Du Marco Bellocchio jamais déçu ! Les images sont magnifiques, les lieux sont beaux, les costumes incroyables… long par moment mais ce n’est pas grave… une histoire très intéressante.
Entremêlant fresque historique baroque et drame familial aussi stupéfiant que déchirant, Bellocchio signe un pamphlet extrêmement puissant contre l’endoctrinement religieux. La scène finale est folle ! 4,25
La perfection atteinte par Rapito résulte de sa capacité à rassembler, d’un même mouvement artistique, le passé et le présent, les Chrétiens et les Juifs ainsi que les spectateurs, qu’ils soient cinéphiles ou non, en témoignent la fluidité et la lisibilité du récit. Marco Bellocchio redouble chacune de ses images, lui compose un double inversé de sorte à figurer à l’écran la dualité qui tiraille de l’intérieur Edgardo, égaré entre deux familles, entre deux villes symboliques (Bologne comme berceau de la contestation, le Vatican comme siège de la papauté), entre deux religions disposant de leurs croyances et de leurs traditions respectives : une scène le montre d’abord caché sous la robe de sa mère, soucieuse de protéger son fils de l’inquisiteur ; une autre, au milieu du film, reproduit cette localisation sous la robe du pape cette fois lors d’une partie de cache-cache, jeu auquel s’adonnait d’ailleurs le protagoniste alors âgé de six ans. Le cinéaste italien parvient à articuler la reconstitution historique, minutieuse dans le détail de ses lieux, de son éclairage et de ses costumes, et l’onirisme tour à tour merveilleuse – spoiler: la guérison miraculeuse du Christ décrucifié – ou satirique, caricatures de presse à l’appui ; il impose une liberté de ton appréciable, subordonnée à une élégance de chaque plan, tout en dialoguant avec d’autres œuvres en lien avec persécution et exactions religieuses, notamment Silence de Martin Scorsese (2016), avec spoiler: ce plan final sur les mains divulguant une croix, preuve de la foi véritable du prêtre jésuite, dont Bellocchio semble se souvenir lors des funérailles d’un enfant . La superbe partition musicale de Fabio Massimo Capogrosso accentue les changements de registre et de rythme. La complexité du personnage d’Edgardo conjure tout manichéisme et restitue la puissance de conversion et d’emprise de l’Église catholique certes, mais plus généralement encore de toute instance adulte qui se sert des plus jeunes pour asseoir son autorité. Un chef-d’œuvre reparti bredouille du festival de Cannes en 2023.

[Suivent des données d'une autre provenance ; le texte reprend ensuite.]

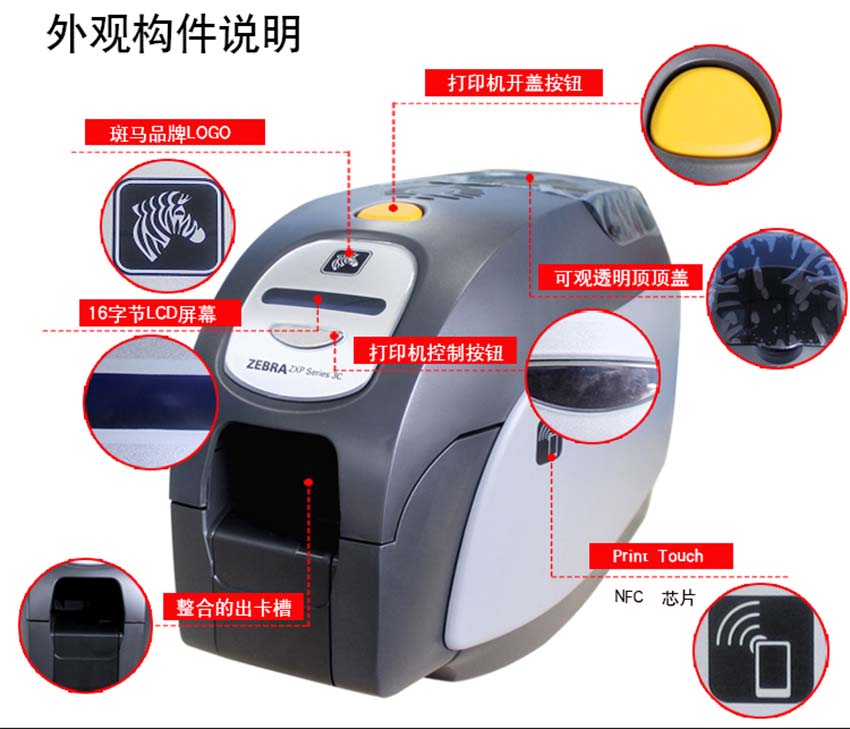 斑馬Zebra ZXP Series3C證卡打印機結構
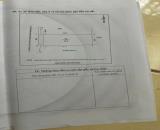 Bán 42m2 Lô Góc Nhà 4 tầng mặt đường Hồ Xuân Hương - Quang Trung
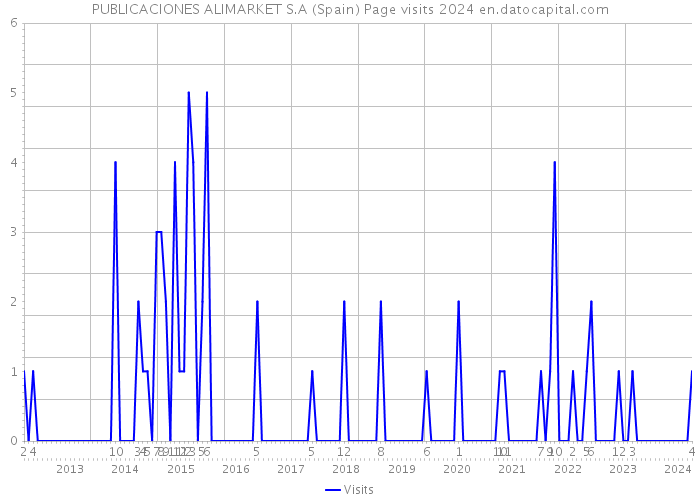 PUBLICACIONES ALIMARKET S.A (Spain) Page visits 2024 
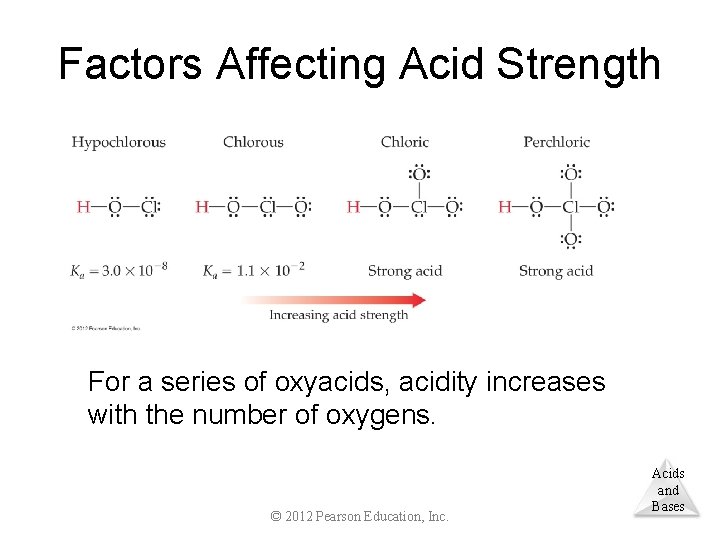 Factors Affecting Acid Strength For a series of oxyacids, acidity increases with the number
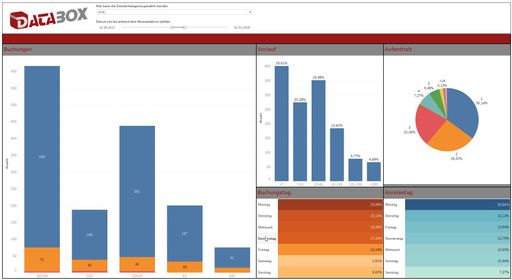  Databox Software Bsp Dashboard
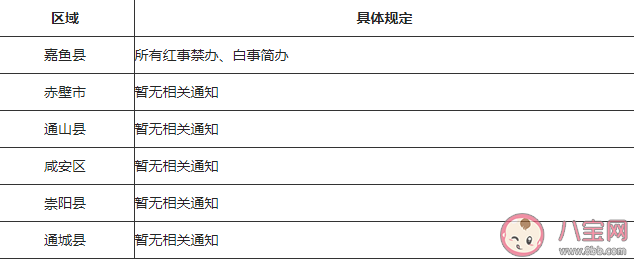 春节|2021湖北春节可以办酒席吗 春节各地区关于办酒席的规定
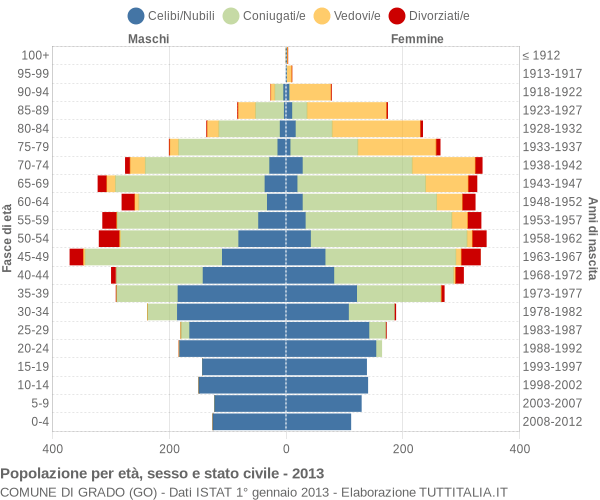 Grafico Popolazione per età, sesso e stato civile Comune di Grado (GO)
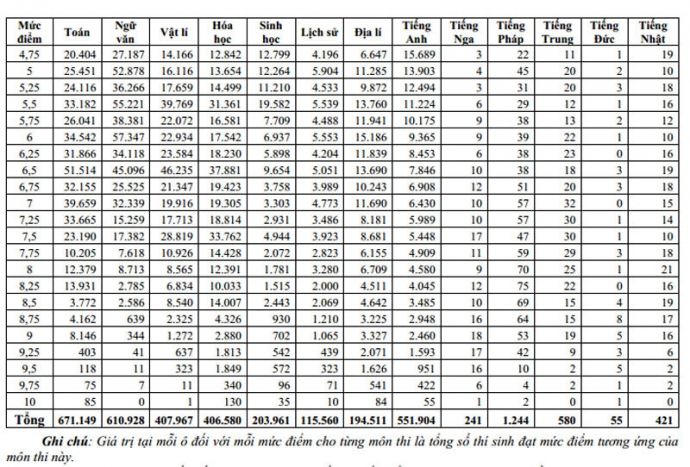 Công bố biểu đồ điểm thi làm căn cứ xét tuyển đại học 2015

Un scénario ciselé, une mise en scène parfaite, et pourtant quelle déception que ce nouveau film de Bellocchio! La faute à une caractérisation approximative des personnages et à la froideur globale qui se dégage du film. Impossible alors d'entrer en empathie avec les personnages, ni à porter un intérêt pour leurs trajectoires respectives.